The easy answer was, “ By bike.” The same one that now lay partially on the road and partially on the boulevard. What wasn’t easy was how did this particular incident take place, to which I still don’t know. At present, which is to say, the moment I regarded the grass as being particularly lush and all the more softer than the street I just as easily could have bounced off, I wondered if anybody had seen.
There’s that rush of adrenaline moment when you trip, slip or fall and instead of being concerned of any partial injury, you are instead worried about whether or not somebody observed your impromptu gymnastics performance. You worry more about being the fool than being the injured.
I did that then, searching up and down Fourth Avenue SE in search of anybody laughing in the shadows. A sinister snicker that found the fact of flying through the air over handlebars somehow as comical as an ill-defined prat fall.

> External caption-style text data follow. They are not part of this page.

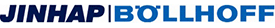 JINHAP|BOLLHOFF_logo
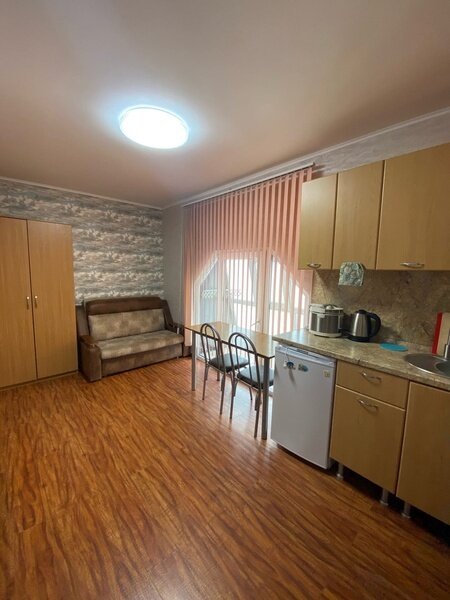 Люкс 6-местный 2-комнатный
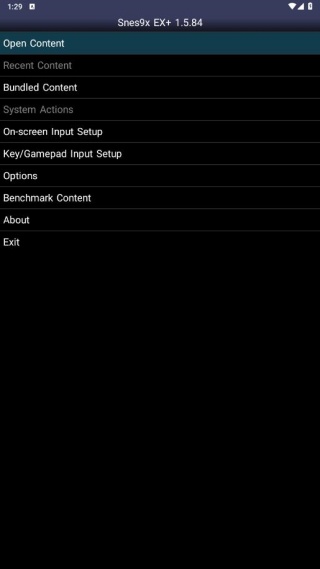 SFC模拟器安卓版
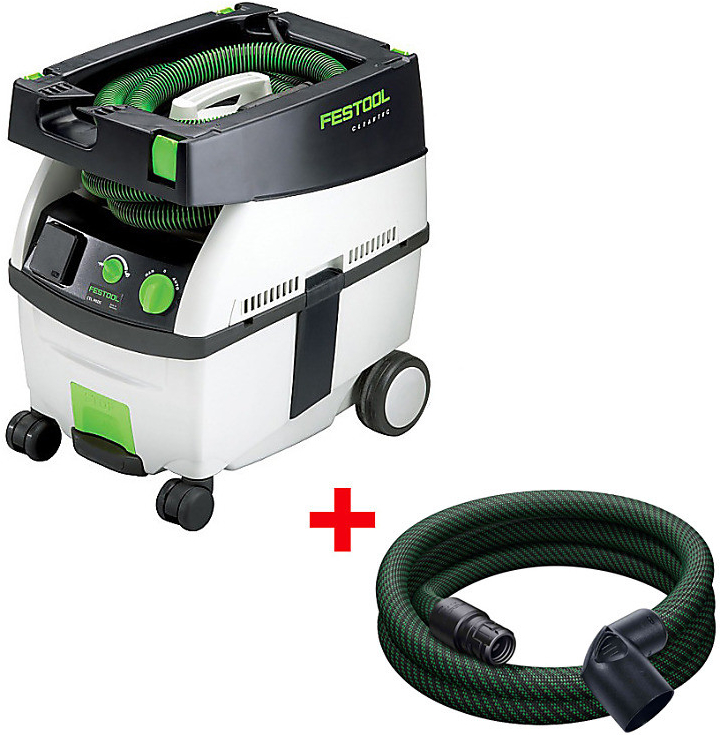 FESTOOL CTL 26 E 574947 mobiln vysva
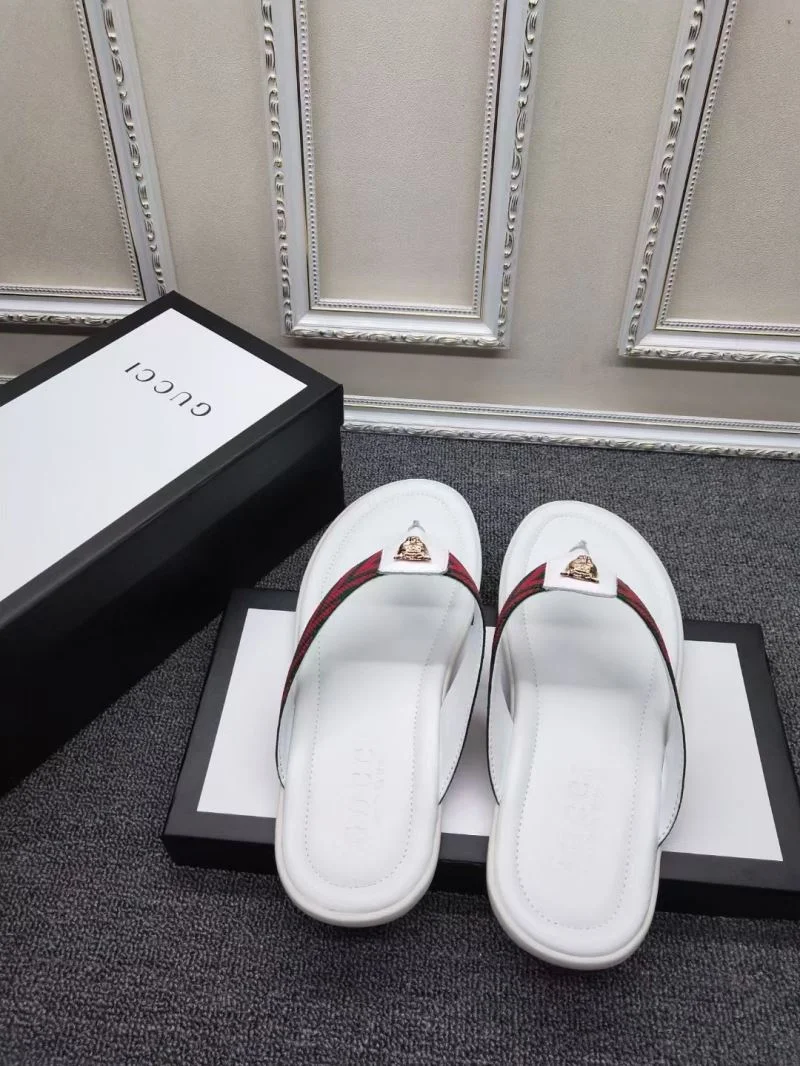 Refined Gucci Slippers 23849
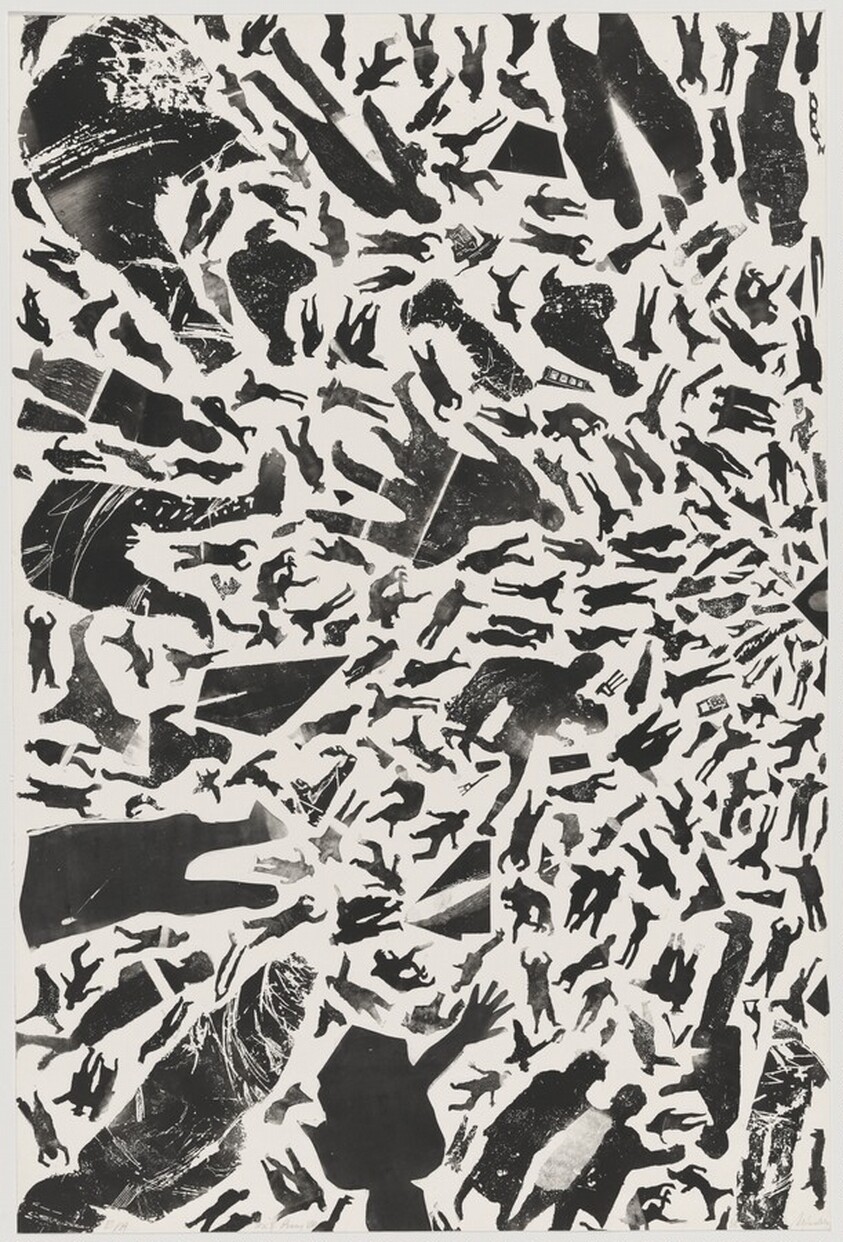 Big-Bang VIII (Part II)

I know this, because I have owned that sinister laugh before. A number of years ago, during those early years of college, my friend decided to go talk to some random girl he had seen before but never met. On the way to doing such, he decided that rather than jump over the chain parking barricade suspended just a foot off the ground, he opted to use it as a step of sorts. The chain protested, swung underneath of him and deposited him face-first at the girl’s feet.
The girl wasn’t terribly impressed shooting him a facial expression that was loosely translated into, “ Really?” The impression was further lessened by my unrestrained laughter.
So yeah, I sort of suspected to hear the same thing ringing through the darkness not 50 yards from my home. I’m not entirely sure what I would have done had someone actually been laughing. Perhaps strike a rigid stance, throw my hands up and wait for the judges’ scoring.
Regardless, nobody was on that street, either driving or walking, so at least there was that. Picking up the bike that now insists on skipping a gear, I remounted and biked the rest of the way home pondering my situation and how I came to such a farce’s ending.
Near as I could tell, this is how it started.
I rode off 14th Street Southeast on to Oakland and switched to a lower gear, preferring the longer strokes for the cruise down the lightly declining road. My cruising speed was at around 20 mph or so and I was feeling good. The wind was cool, the night clear. Above the half moon lit the road ahead of me.
Pumping and cruising, I let my mind wander in the light breeze, alone with the road, alone with my thoughts … and alone with … holy cow that’s the curb coming awfully fast!
My foot shot out as I instinctively tried to right the ship, but it was already too late. I hit the iceberg and my fate was set. The tires grated against the cement of the curb, giving me the small hope that I could recover until time slowed as bike threw me like an ill-mannered thoroughbred.
There was a moment of clarity and peace as time slowed around me. On my headphones a delightfully whimsical piece by composer by James Paget accompanied the flight, a piece that speaks of the stars and the oceans between and fit the circumstance for the split second I was airborne.
Then, just before I hit, time sped up as I slid safely into second base, the bike squirreling away from underneath me to rest at its spot half-on, half-off the curb, leaving me deposited on the boulevard wondering how I got here.
Later, when I got home, keeping the moment to myself rather than sharing it with my girlfriend, I thought again about the circumstances of that night.
Instead, my mind wandered to the greater detours of life and how we deal with each moment. Some struggle to deal with those circumstances, others take them in stride and find ways to continue on.
So, flanked by our cat Nemi, sleepily looking at me from her cat bed, I came to certain conclusions about life and those things in it that we all must deal with:
Pistachio/walnut ice cream is amazing.